HOUSTON - According to the Houston Fire Department, a young boy has died after going into cardiac arrest due to being left in a hot car on Thursday.
Evan Trapolino, 3, was found in a car in north Houston in the 1200 block of Hopper Road around 2 p.m.
According to police, the boy left the house and entered the car through the front door, possibly to retrieve a toy in the backseat. When he got to the backseat, he was unable to exit the vehicle due to child-safety locks.
The family realized he was missing and searched for his for around 30-45 minutes before finding him in the backseat. They immediately called 911 and started CPR.
No charges have been filed, but the case is still under investigation.
Neighbors describe the little boy who passed away as energetic and always on the go.
They're heartbroken by what they believe is a tragic accident.
Neighbors said the community is tight knit and they're taking this loss hard.
"It hurt. I grew up with the mom. We see the little boy out here playing all the time. We have parties here at the house and they come over," Chris Johnson, a neighbor, said. "All the kids gets together and play. Water ballon fights and stuff like that. He's the poster child for being the energizer bunny. So, it's not easy news."
All of southeast Texas is under a Heat Advisory until 7 p.m.

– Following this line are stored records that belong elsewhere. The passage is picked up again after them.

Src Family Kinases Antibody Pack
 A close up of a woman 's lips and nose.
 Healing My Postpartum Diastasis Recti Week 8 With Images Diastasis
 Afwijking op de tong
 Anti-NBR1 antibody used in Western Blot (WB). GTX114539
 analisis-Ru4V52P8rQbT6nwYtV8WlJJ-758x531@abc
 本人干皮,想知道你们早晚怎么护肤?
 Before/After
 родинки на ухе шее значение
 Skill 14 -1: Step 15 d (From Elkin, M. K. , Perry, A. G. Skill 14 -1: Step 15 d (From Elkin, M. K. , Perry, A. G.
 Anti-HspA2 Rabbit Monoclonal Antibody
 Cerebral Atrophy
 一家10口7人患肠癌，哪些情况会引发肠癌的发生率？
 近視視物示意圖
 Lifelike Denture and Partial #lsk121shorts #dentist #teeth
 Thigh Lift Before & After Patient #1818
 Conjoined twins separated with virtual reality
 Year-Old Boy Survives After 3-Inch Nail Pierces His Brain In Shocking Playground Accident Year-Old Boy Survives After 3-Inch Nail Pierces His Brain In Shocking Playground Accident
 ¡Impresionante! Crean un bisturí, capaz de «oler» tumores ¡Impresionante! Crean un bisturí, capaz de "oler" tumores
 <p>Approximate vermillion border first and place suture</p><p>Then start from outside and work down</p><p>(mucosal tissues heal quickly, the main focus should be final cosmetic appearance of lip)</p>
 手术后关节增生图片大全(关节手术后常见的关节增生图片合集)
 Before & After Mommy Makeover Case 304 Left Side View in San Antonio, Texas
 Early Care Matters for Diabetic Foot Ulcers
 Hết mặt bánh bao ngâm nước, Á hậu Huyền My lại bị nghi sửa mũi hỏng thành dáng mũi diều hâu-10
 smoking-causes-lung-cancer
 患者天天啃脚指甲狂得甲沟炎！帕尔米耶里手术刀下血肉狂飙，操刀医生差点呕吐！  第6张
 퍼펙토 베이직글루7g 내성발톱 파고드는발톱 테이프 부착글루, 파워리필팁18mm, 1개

In a release, HFD EMS Medical Director Dr. David Persse explains, "It's usually some sort of a guardian who just plain forgets because there's a change in routine. But the other situation that we sometimes see is that kids will get into a car and they'll be playing around the car and they'll accidentally lock it and the child will panic and they don't know how to unlock the car."
6 Tips to Prevent Hot Car Deaths
- Place your cell phone, briefcase, purse or other important item in the backseat before driving to your destination. This will get you in the routine of checking the backseat every day.
- Establish a peace-of-mind plan. When you drop off your child, make a habit of calling or texting all other caregivers, so all of you know where your child is at all times.
- Thirty percent of the deaths in the U.S. have occurred when a child climbed into an unlocked vehicle. Before getting out of the car, check to be sure everyone is out and lock all doors.
- Communicate planned absences with daycare providers. Ask them to call you if your child does not arrive on time, and they have not heard from you.
- Educate your children about not playing in and around vehicles.
- If you see a child alone in a car, dial 911 immediately.
KPRC will provide updates when they become available.